Qumulo recognizes that most enterprises will consume public or commercial GenAI models rather than build their proprietary ones. To support this, Qumulo has developed the following:

Robust API Integration: The Qumulo Cloud Data Platform offers robust APIs that can interface with cloud-based AI services, including large language models (LLMs) and AI/ML development tools available from major cloud providers like Microsoft and AWS today.
Secure Data Handling: Leveraging techniques such as Retrieval-Augmented Generation (RAG) and proper data governance policies, enterprises can utilize public or open LLMs while ensuring their data is not used in future training datasets, thereby maintaining data privacy and intellectual property protection.

Conclusion

The Qumulo Cloud Data Platform offers a robust solution for accelerating AI data workflows in the public cloud. By unifying on-premises and cloud environments through its Global Data Fabric, Qumulo addresses the challenges of data management and movement at scale. Enterprises can achieve significant performance gains and cost reductions and maintain compliance with data governance standards.
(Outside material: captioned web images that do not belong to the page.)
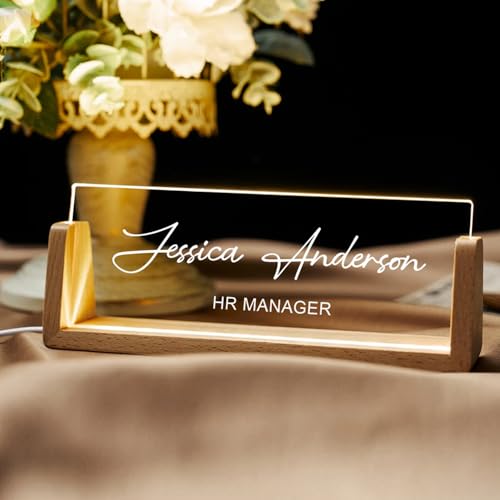 Noni Personalized Desk Name Plate, Name Plate For Desk, Table Plaque, Office Name Plates For Desks, Gifts For Coworkers Boss, Office Decor, Coworker Gifts (Design 3)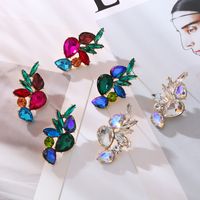 Wholesale Jewelry Elegant Geometric Water Droplets Alloy Rhinestones Inlay Drop Earrings main image 1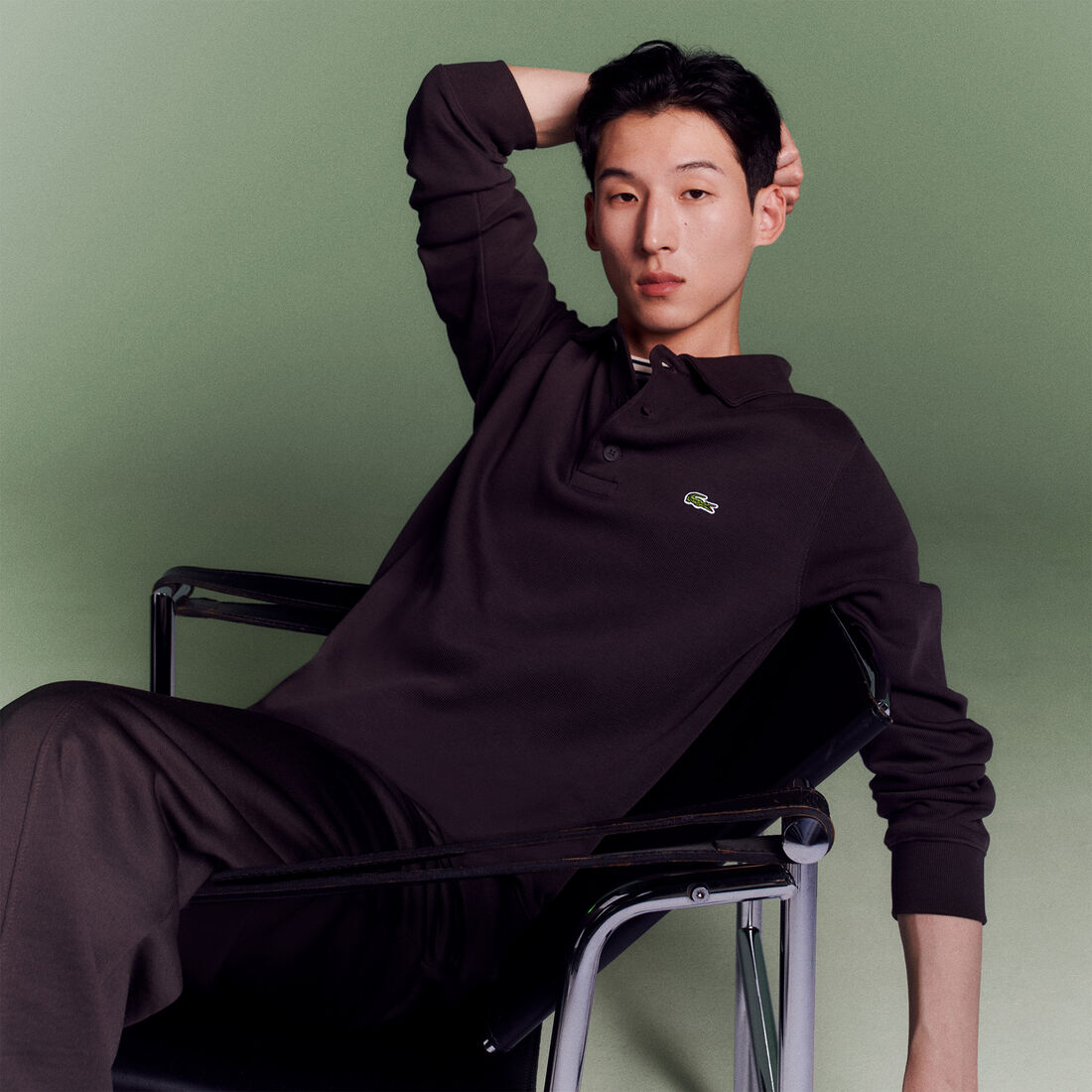 Ribbed Cotton Polo Collar Sweatshirt Ribbed Cotton Polo Collar Sweatshirt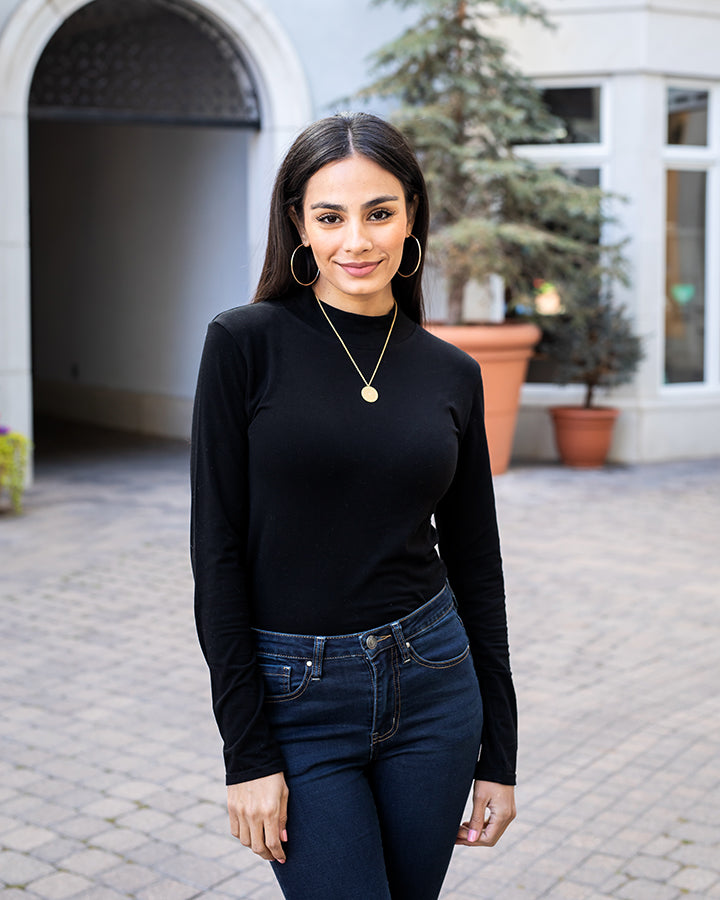 Mock Neck Black Long Sleeve Perfect Fit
Furthermore, by facilitating integration with public GenAI models while safeguarding data, Qumulo empowers organizations to leverage AI technologies effectively without compromising security or incurring unnecessary expenses.

Key Benefits

Flexible: It addresses the performance, capacity, and security needs of the entire AI data lifecycle—data Ingest, Data Transformation, and Data Loading—enabling a seamless end-to-end data pipeline.
Performance: Faster data load times improve GPU execution time and economics.
Limitless: Enables seamless, secure data access between public and private clouds and between organizations to enable transformative business and research opportunities.
Cost Efficiency: Up to 90% reduction in S3 API charges; enables utilization of lower-cost GPU instances without local NVMe.
Scalability: Elastic Consumption of GPU Resources
Data Governance: Maintains existing data provenance and compliance requirements.
Data Durability: Multi-AZ support and parallel S3 erasure coding further enhance the legendary durability of AWS S3
Security: Prevents enterprise data from being used in external model training through secure API integrations.

By adopting the Qumulo Cloud Data Platform, organizations are equipped with the tools to handle the demands of modern AI workloads efficiently and securely. This enables them to position themselves at the forefront of AI innovation, delivering competitive advantage and enabling transformative business opportunities.